Brief:
For each record, copy the text exactly and omit any picture it holds.

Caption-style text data

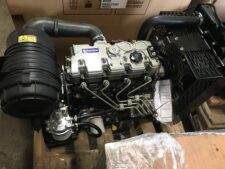 Perkins GV51790 404A-22 motor Nou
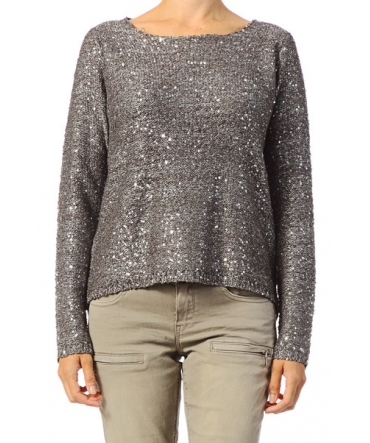 Vero Moda Chu LS Blouse 10115283 Gris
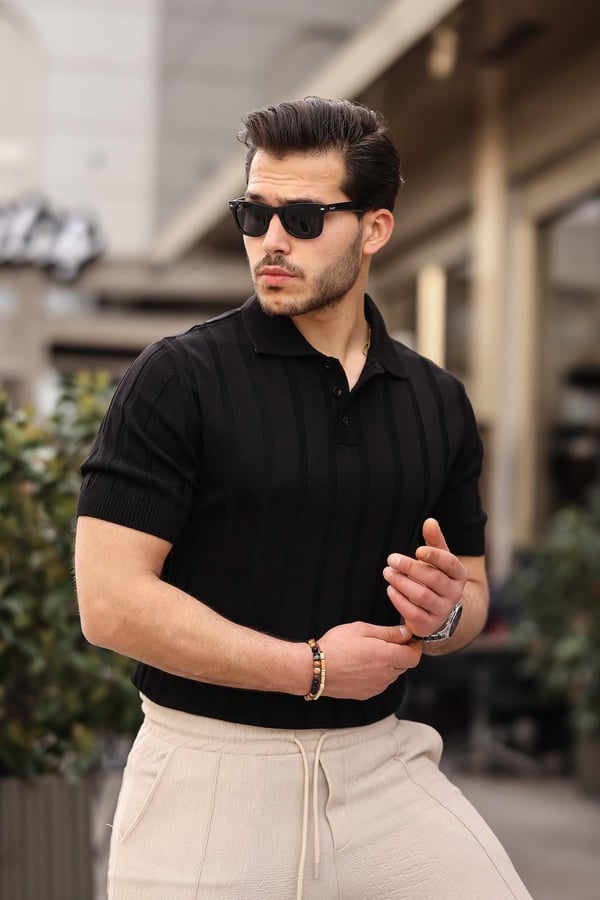 Rahat Kalıp Beli Lastikli Baggy Pamuk Pantolon - Bej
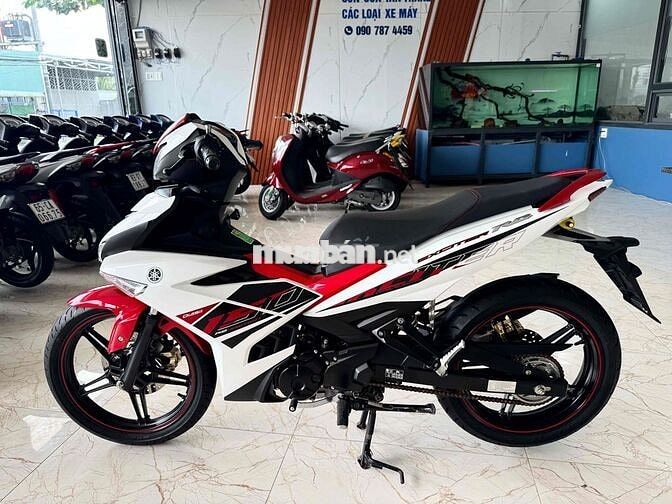 Yamaha Exciter 150 2022 Trắng Đỏ 1000 km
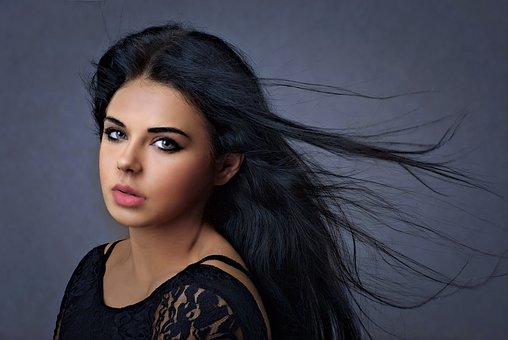 exotic girl indian hair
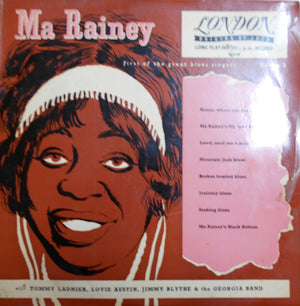 MA RAINEY | FIRST OF THE GREAT BLUES SINGERS VOL 2 - 10 INCH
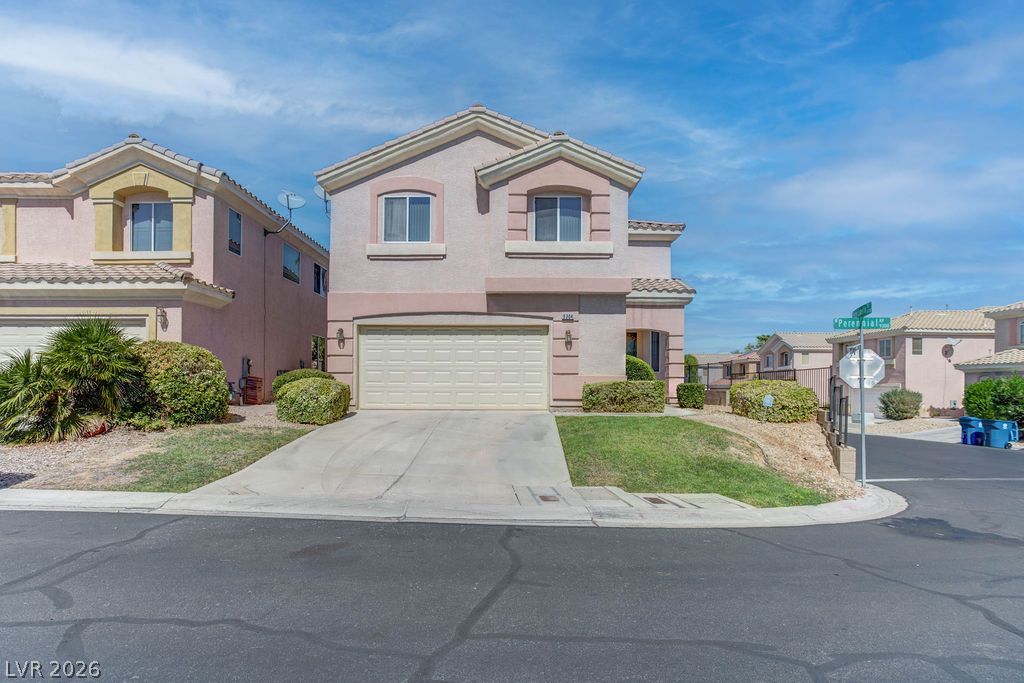 9304 Perennial Avenue, Las Vegas, NV 89148 — exterior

Result for this task:
 Perkins GV51790 404A-22 motor Nou
 Vero Moda Chu LS Blouse 10115283 Gris
 Rahat Kalıp Beli Lastikli Baggy Pamuk Pantolon - Bej
 Yamaha Exciter 150 2022 Trắng Đỏ 1000 km
 exotic girl indian hair
 MA RAINEY | FIRST OF THE GREAT BLUES SINGERS VOL 2 - 10 INCH
 9304 Perennial Avenue, Las Vegas, NV 89148 — exterior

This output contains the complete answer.